Details emerged as bail was refused to a man accused of carrying out the early morning attack.

James Gribben, 31, of Church View Villas, Gilford, Craigavon, faces charges of causing grievous bodily harm with intent and burglary with intent to commit grievous bodily harm.

He is further accused of demanding £1,000 from the victim with menaces.

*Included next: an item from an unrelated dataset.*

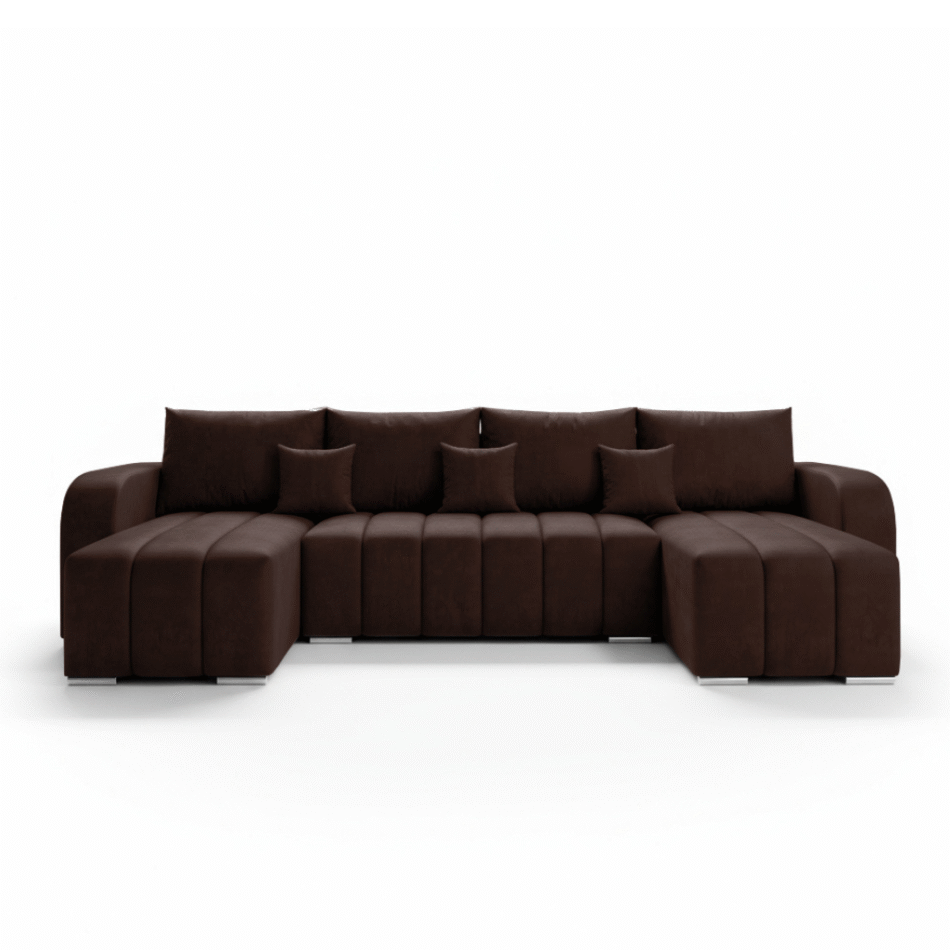 Narożnik z funkcją spania Pufetto U-kształtny z pojemnikiem na pościel brązowy welur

Gribben denies the offences.

The court heard two men forced their way into the victim's Drumnamether Road home by smashing a living room window on July 3.

He woke and phoned police just as the intruders entered his bedroom.

Conor Maguire, prosecuting, said: "The 999 call recorded the assault taking place as he was lying in his bed.

"A voice was heard constantly crying out 'James, James, James, please, please, please, don't, don't'. The cries of pain could be constantly heard throughout the assault."

The victim had allegedly recognised Gribben immediately, according to the barrister.

Mr Maguire added: "(He) described to police that a flat-screen television was dropped on his head as he lay in his bed."

His nephew, who had been sleeping in another bedroom, then managed to defend himself before Gribben allegedly returned to further attack the victim.

It was claimed that the accused bit his arm during this assault.

The second intruder has yet to be identified but is not suspected of carrying out any physical violence, the court heard.

Opposing bail, Mr Maguire claimed efforts have been made to get the victim to withdraw his statement.

An unknown man with a Scottish accent allegedly phoned him last month and told him to drop the charges or he would be killed.

Defence counsel Michael Boyd accepted intimidation attempts appeared to have taken place but stressed that Gribben could not have been involved.

"He has been in custody since September and he knows nothing about any of the incidents described," Mr Boyd said.

"I accept there's a strong prima facie case against Mr Gribben, but he's entitled to a presumption of innocence and has made a formal denial of involvement in the incident."

But despite offering a new address in Belfast and a £3,000 cash surety Gribben's renewed application for bail was denied.

Mr Justice Burgess ruled that it was still not enough to overturn a previous decision to keep Gribben in custody.